LA JOLLA — You might say Little Lou is a chip off the old Brock. Lou Brock--the father--was skinny and fast, always remembered your first name and always gave you and your kid his autograph. Lou Brock--the son--is just as skinny, just as fast and has never met a fan he didn't pamper. The other day, some guy got lost on the UC San Diego campus here, and Little Lou gave him directions to the freeway.
"Take care of yourself," Little Lou told the man. "And if there's ever anything I can do . . . "
The two Lous are two peas in a pod. The only difference is that Big Lou stole bases, and Little Lou steals passes.
Little Lou, 23, looks as if he should be stealing bases, too. His playing weight at USC was 175 pounds, but now he's not a shade over 167, and he has been as low as 163 during this year's Charger training camp. The day he weighed in at 163, he got on the scale wearing thongs. Wayne Davis, a teammate who has since been traded to Buffalo, said: "Hell, Lou. Take off those thongs, and you'll weigh in the 150s."
Somehow, word got back to the Charger coaches that Little Lou weighed 157 (though it wasn't true), and Ron Lynn, the defensive coordinator, said he got a little paranoid. But Lou assured everyone he weighed in the 160s and was eating two steaks a night. Not to worry, he said.

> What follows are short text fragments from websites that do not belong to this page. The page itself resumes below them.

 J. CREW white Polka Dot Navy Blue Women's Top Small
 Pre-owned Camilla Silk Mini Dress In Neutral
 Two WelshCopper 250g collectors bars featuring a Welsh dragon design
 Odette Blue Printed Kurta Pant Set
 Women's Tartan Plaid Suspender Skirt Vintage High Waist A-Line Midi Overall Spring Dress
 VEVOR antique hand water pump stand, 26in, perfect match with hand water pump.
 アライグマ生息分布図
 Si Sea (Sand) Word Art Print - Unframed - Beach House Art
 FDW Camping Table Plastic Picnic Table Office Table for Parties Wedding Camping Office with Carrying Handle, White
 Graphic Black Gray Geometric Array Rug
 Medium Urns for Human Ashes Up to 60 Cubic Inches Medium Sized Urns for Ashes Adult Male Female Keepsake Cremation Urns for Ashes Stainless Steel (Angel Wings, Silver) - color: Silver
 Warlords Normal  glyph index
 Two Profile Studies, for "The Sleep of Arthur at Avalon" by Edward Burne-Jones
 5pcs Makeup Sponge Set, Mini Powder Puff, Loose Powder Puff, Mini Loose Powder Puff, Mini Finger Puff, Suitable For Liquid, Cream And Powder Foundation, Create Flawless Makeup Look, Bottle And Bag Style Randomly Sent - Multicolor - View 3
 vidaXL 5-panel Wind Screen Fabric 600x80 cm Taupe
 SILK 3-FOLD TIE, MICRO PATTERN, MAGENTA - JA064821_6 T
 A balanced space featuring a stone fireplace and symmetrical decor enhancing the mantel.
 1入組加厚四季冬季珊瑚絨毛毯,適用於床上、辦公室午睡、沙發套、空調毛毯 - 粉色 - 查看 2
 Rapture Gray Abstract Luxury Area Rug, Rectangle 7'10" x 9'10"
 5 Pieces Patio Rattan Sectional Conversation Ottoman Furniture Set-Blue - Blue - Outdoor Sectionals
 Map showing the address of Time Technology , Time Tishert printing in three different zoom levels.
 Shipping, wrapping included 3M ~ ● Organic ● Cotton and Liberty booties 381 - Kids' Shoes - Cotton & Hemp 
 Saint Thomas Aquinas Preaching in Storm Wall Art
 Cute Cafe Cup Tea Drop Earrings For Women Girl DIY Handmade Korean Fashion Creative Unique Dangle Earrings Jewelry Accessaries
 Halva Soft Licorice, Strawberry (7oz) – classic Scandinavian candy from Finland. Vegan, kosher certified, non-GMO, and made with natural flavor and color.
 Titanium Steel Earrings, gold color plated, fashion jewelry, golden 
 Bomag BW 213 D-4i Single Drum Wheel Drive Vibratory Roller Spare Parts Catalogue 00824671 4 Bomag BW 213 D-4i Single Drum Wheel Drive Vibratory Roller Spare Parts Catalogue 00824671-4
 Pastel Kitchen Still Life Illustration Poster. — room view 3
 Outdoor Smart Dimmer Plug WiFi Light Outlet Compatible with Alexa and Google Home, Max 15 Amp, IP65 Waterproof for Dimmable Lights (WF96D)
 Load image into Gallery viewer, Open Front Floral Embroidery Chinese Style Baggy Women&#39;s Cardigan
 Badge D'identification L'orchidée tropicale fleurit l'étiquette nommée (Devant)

Still, Charger coaches still wonder if Little Lou, drafted in the second round as a cornerback, can hit. Funny, but his baseball coaches used to wonder the same thing.
"He's frail," Coach Al Saunders said of Brock this week.
So far in this exhibition season, Brock hasn't proven he can catch. Against the Rams, he dropped an interception that would have thwarted Los Angeles' game-winning drive. And against the 49ers, he tipped a long pass that eventually fell into the arms of wide receiver Tony Hill to set up the game-securing touchdown.
"I've got a bad case of the bad lucks," Brock explained.
To be honest, Little Lou admits he's a little small to be wearing a chin strap for a living. Before training camp, he was home in St. Louis, eating dinner with Big Lou, 48, and his two little brothers (8-year-old Danny and 9-year-old Emory), and Big Lou remembers explaining to Danny and Emory why Little Lou was leaving for San Diego.
"He's gonna be a defensive back for the Chargers," Big Lou said.
"What's that mean, Daddy?" Emory asked.
"Emory," Big Lou said, "that means when Walter Payton gets by the linemen and linebackers, Lou has to stop him."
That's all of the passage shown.